# Added more plants to 135



## goingbig14 (Oct 13, 2003)

Well?


----------



## lightning2004 (Jun 25, 2005)

damn man the coloring on ur piraya is incrediable..has it always been like that?by the way rest of the tank looks great man nice job.


----------



## jan (Apr 24, 2004)

Simply amazing







The set up looks great, but your Piraya's are amazing looking, with some great colors on them


----------



## Stugge (Jul 27, 2003)

Nice! real plants own, they are real I hope


----------



## ICrazyChrisI (May 10, 2005)

Nice tank!
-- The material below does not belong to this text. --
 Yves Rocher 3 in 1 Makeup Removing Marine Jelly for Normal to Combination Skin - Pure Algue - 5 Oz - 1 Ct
Just stain the stand, and it'll look perfect!


----------



## blindside (Mar 25, 2005)

those pirya look awsome!!!!

ian


----------



## Fomoris (Mar 13, 2005)

It looks good









And those P. piraya are awesome


----------



## MR HARLEY (Aug 12, 2003)




----------



## sccavee (Feb 11, 2003)

Looks very good.


----------



## jackburton (Nov 25, 2003)

sweet setup and fish look spot on


----------



## timmy (Mar 29, 2004)

Wow, i am jealous!!!!


----------



## Gordeez (Sep 21, 2003)

MR HARLEY said:


> [snapback]1097773[/snapback]​



























Lookit the Colors


----------



## waspride (Jun 13, 2004)

Great tank


----------



## rbp 4 135 (Mar 2, 2004)

tank looks great but mabey you could replave the fake drift wood with real. just a suggestion.


----------



## "qickshot" (Apr 19, 2005)

that looks great


----------